__Data segment__:
----------------
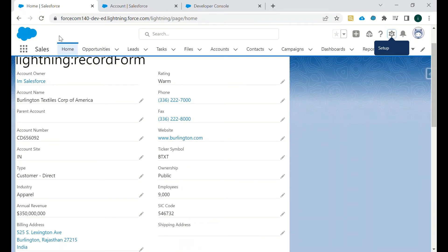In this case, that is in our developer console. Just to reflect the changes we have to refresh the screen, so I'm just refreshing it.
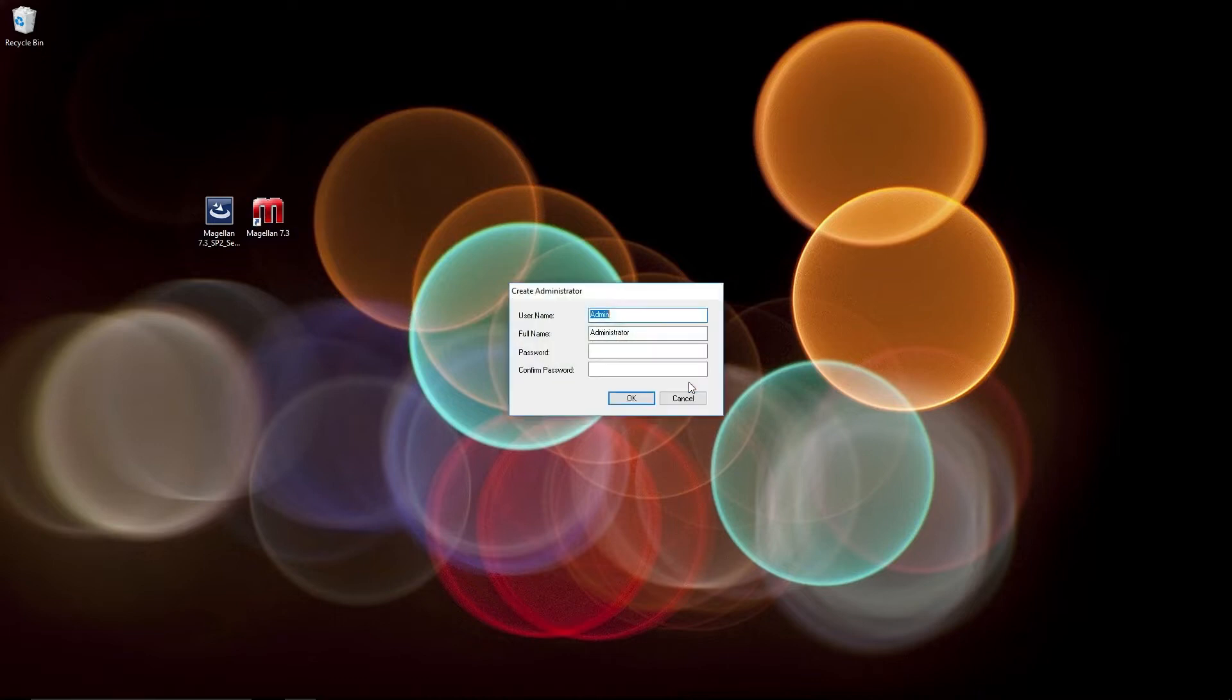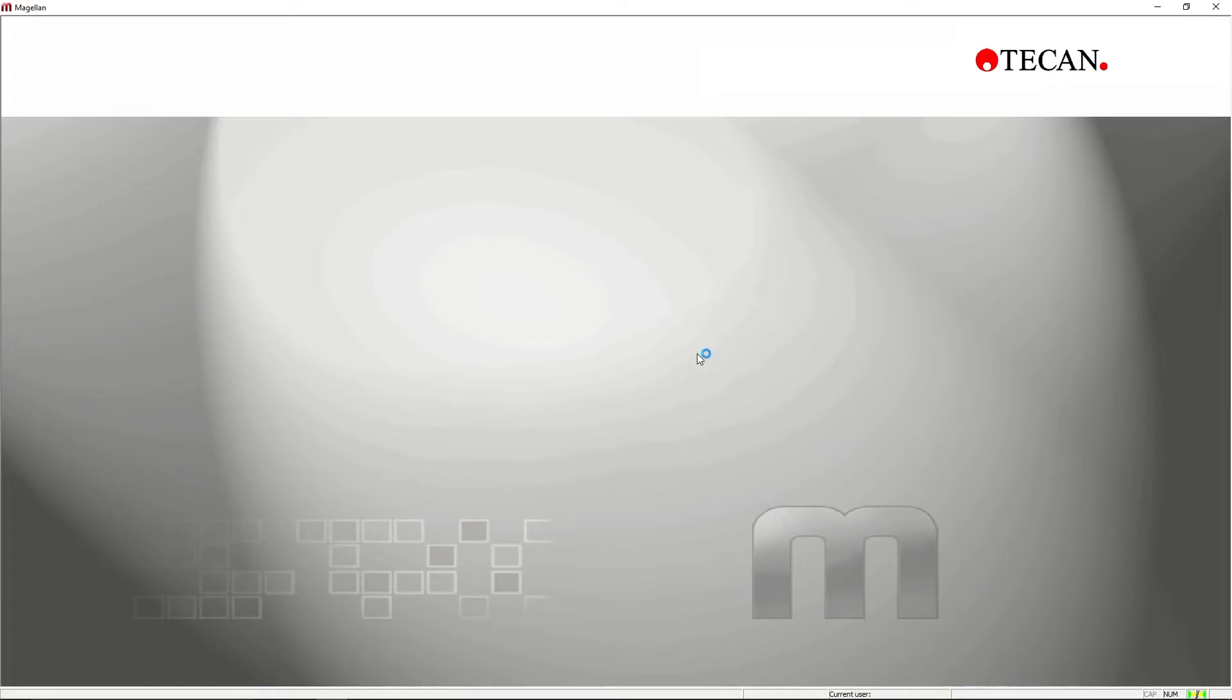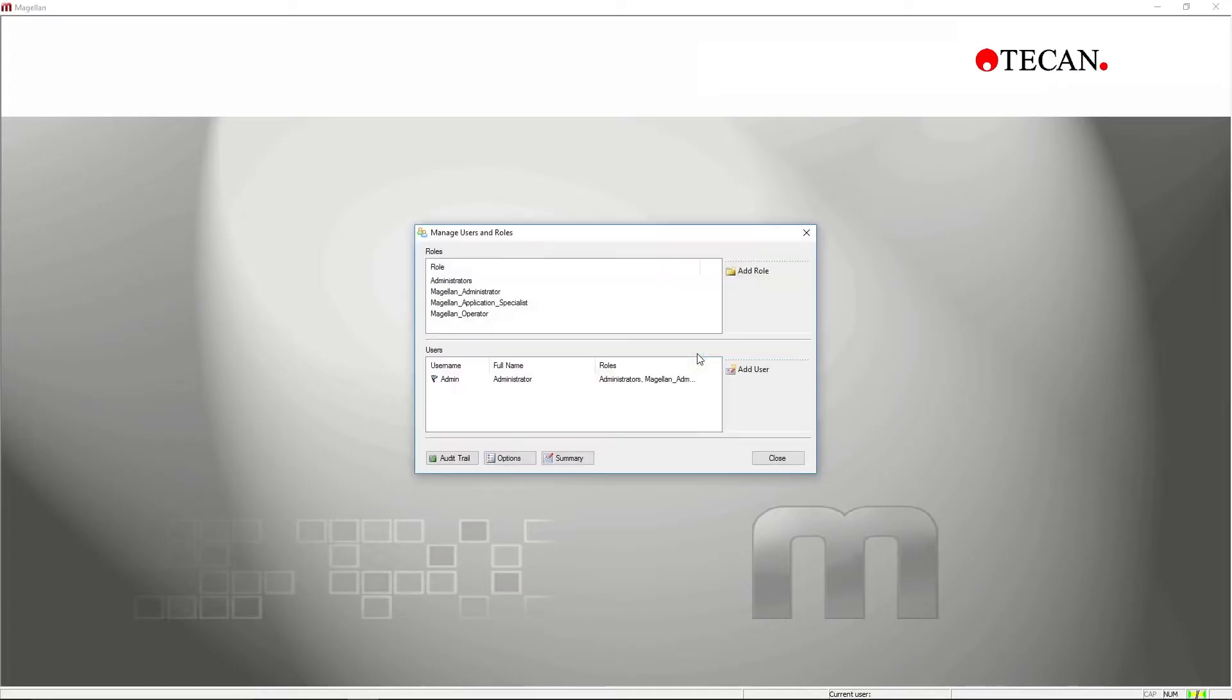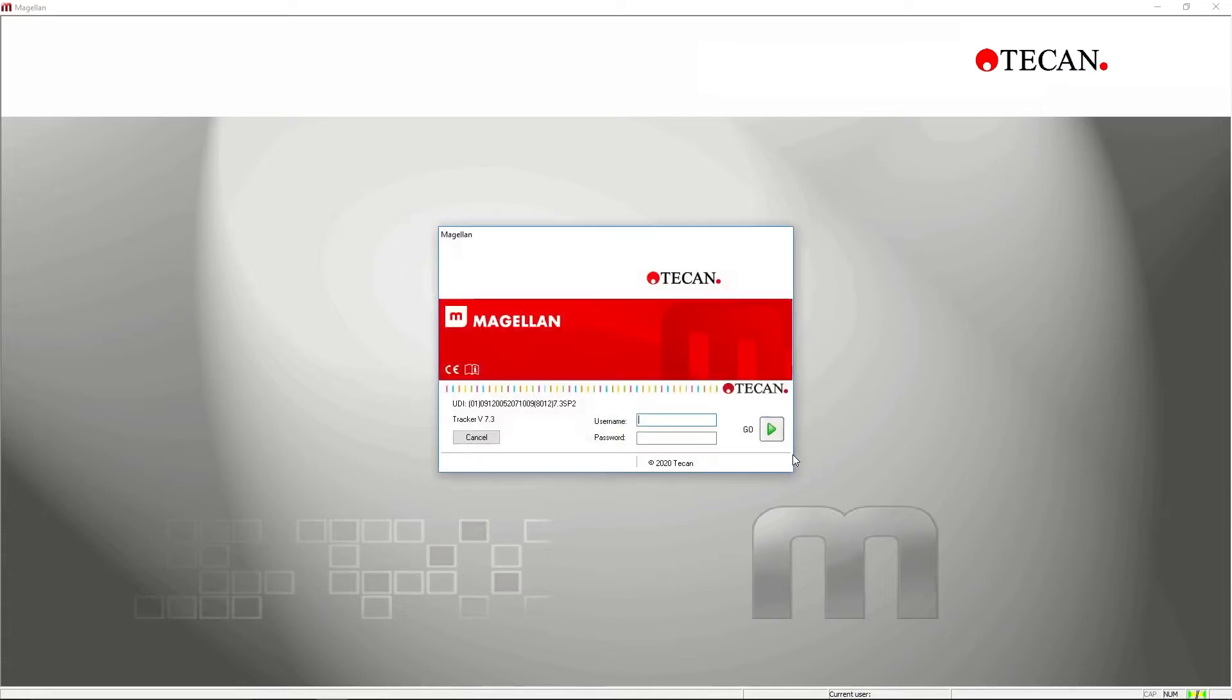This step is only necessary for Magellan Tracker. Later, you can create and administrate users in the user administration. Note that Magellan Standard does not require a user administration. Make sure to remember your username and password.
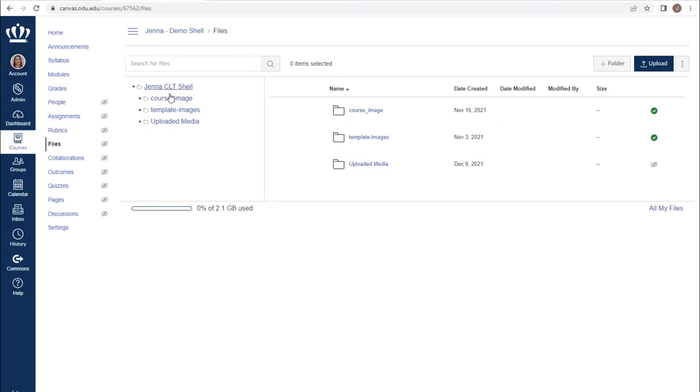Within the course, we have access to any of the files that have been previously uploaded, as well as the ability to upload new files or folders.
----------------
__Work instruction__: Apart from the pictures, every line above must be repeated exactly.

__Exercise result__:
In this case, that is in our developer console. Just to reflect the changes we have to refresh the screen, so I'm just refreshing it.
This step is only necessary for Magellan Tracker. Later, you can create and administrate users in the user administration. Note that Magellan Standard does not require a user administration. Make sure to remember your username and password.
Within the course, we have access to any of the files that have been previously uploaded, as well as the ability to upload new files or folders.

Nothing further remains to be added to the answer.